I’m talking about the process of editing our writing. When I say “editing”, I’m not specifically talking about catching sentence fragments and the like, but adhering to common disciplines that readers depend upon. Are your facts accurate? Did you give proper attribution to other writers? (Since there are more writers today, there must be more attribution to give, thus the hyperlink)
A number of us have noticed the following conversation thread in social media today: a person broadcasts via social media an inspiring quote from a famous person or calls out an evil corporation based upon some purported fact. Readers then point out – via public comment – that the quote was actually said by someone else, or the “fact” that is cited about the corporation is an urban myth.
Instead of the original writer issuing some version of “I stand corrected”, amateur writers today (of which, I am one) have a tendency to brush off the error by saying something like “either way, the quote is still interesting”, or “it doesn’t matter, I still don’t trust that company”.

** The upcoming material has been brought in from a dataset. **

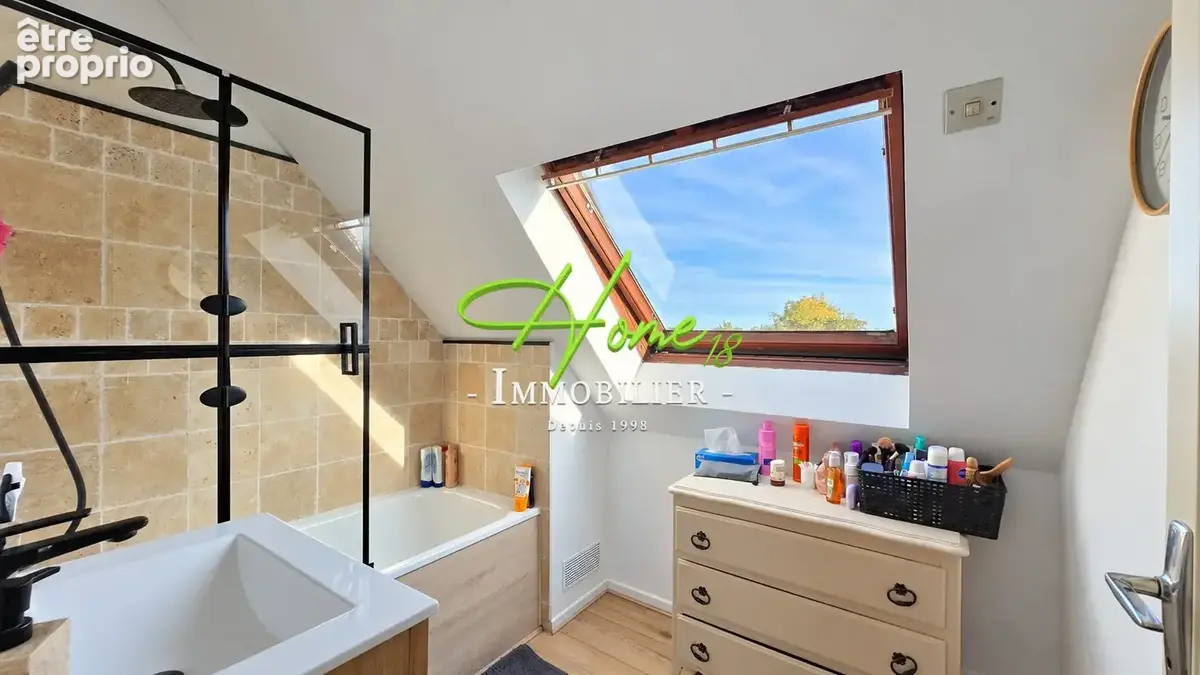 Maison 7 pièces 115 m² à vendre à Saint-Germain-Du-Puy (18390) - photo 9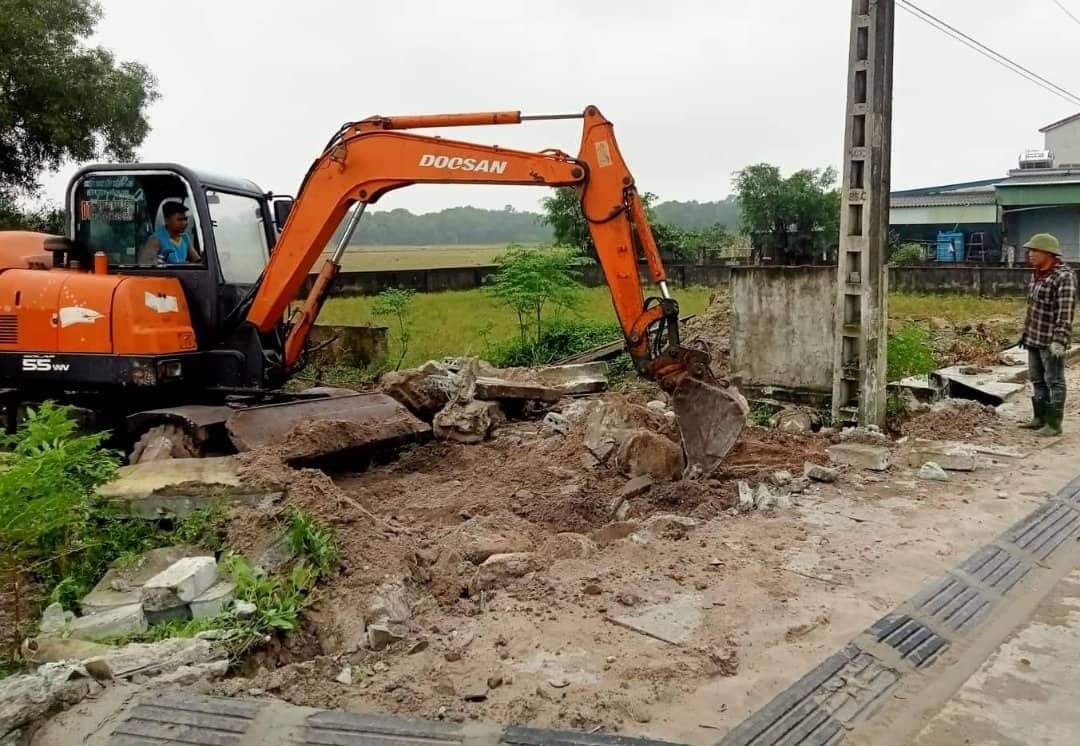 Đảng viên trẻ xung phong hiến đất mở đường xây dựng nông thôn mới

In social media, trust is currency. If you seek to build repeat visitors to your commercial enterprise or personal blog, you need to build trust. Trust that you’ll post regularly. Trust that you don’t pass something along without doing some basic homework. Trust that you value honesty over speed.
As traditional newspapers started to struggle, it was my personal belief that editing was one of the first areas to suffer. Now that so many social media avenues are open to us, and since we live in an opinion culture where everyone seems to have some opinion they’re broadcasting, it is time for editing to “catch up” to the voluminous content that is being created every minute.
None of this means that we’re gong to follow the fact-checking rigor of media companies of old, rather it means we’ll do our best, and step up when we slip up.
Create good content. Be diligent. Care about accuracy. Give attribution.